## Records for the exercise
((

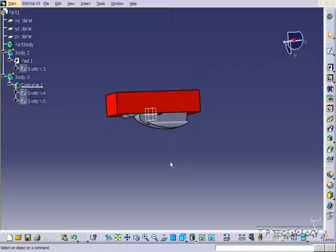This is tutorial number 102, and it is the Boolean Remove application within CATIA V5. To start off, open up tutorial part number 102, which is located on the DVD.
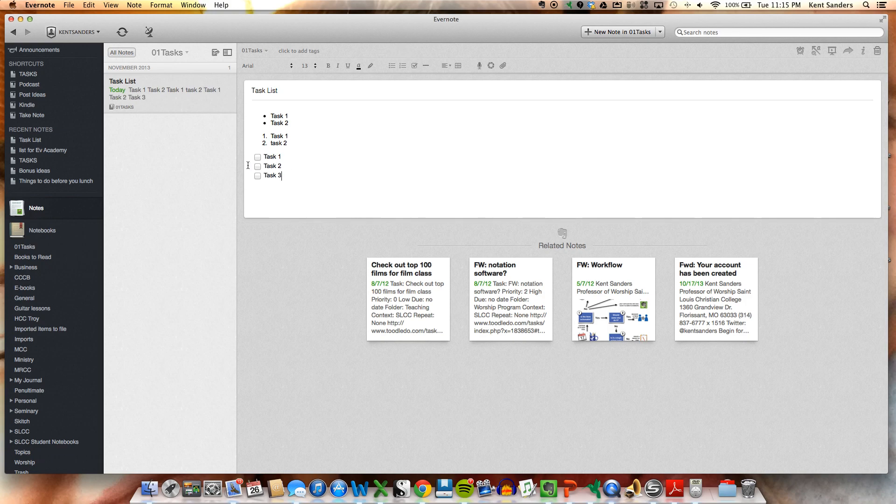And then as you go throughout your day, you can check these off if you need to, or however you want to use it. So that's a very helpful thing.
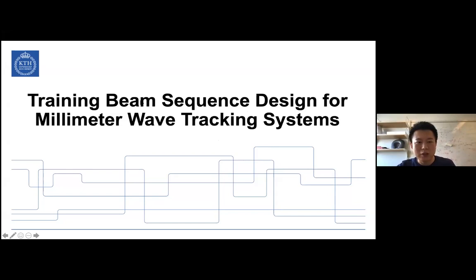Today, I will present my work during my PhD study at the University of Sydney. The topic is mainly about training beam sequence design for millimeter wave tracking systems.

))
((

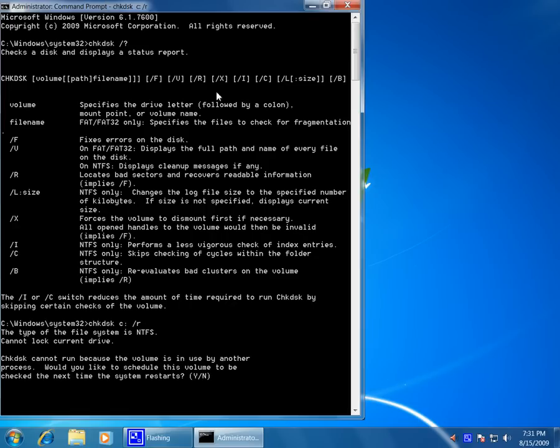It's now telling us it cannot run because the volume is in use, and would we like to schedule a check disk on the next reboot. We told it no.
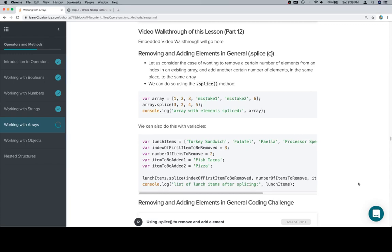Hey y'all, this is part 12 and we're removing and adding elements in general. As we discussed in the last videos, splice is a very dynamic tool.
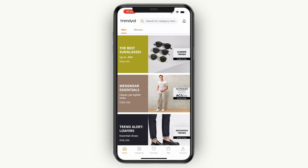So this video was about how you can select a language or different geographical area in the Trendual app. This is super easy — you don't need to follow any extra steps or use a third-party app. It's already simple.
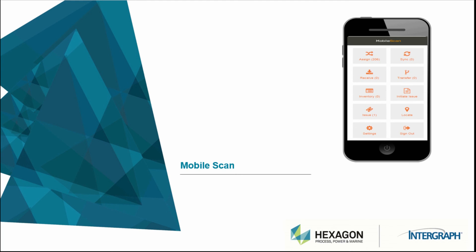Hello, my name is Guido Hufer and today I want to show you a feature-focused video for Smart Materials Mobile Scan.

))

## Task description
Pictures do not belong in the answer. Return the lines above starting at the one with "It's now telling" and ending at the one with "Hello, my name", both kept, exactly.

## Result for this task
It's now telling us it cannot run because the volume is in use, and would we like to schedule a check disk on the next reboot. We told it no.
Hey y'all, this is part 12 and we're removing and adding elements in general. As we discussed in the last videos, splice is a very dynamic tool.
So this video was about how you can select a language or different geographical area in the Trendual app. This is super easy — you don't need to follow any extra steps or use a third-party app. It's already simple.
Hello, my name is Guido Hufer and today I want to show you a feature-focused video for Smart Materials Mobile Scan.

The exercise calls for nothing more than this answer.